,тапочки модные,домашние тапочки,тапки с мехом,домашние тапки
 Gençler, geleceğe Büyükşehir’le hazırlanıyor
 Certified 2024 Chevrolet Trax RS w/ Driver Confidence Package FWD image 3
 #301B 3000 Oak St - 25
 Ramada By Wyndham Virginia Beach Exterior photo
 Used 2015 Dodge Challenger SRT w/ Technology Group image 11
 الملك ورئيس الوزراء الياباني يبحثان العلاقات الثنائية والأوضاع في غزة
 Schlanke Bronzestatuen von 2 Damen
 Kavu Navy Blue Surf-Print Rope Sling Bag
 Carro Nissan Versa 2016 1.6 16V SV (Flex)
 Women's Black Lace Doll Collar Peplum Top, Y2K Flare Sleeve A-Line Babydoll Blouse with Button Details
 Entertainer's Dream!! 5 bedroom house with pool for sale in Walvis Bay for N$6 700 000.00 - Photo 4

########

* [PROBLEM]: Gather from the records above every line containing the string "image".

* [TASK SOLUTION]:
 Certified 2024 Chevrolet Trax RS w/ Driver Confidence Package FWD image 3
 Used 2015 Dodge Challenger SRT w/ Technology Group image 11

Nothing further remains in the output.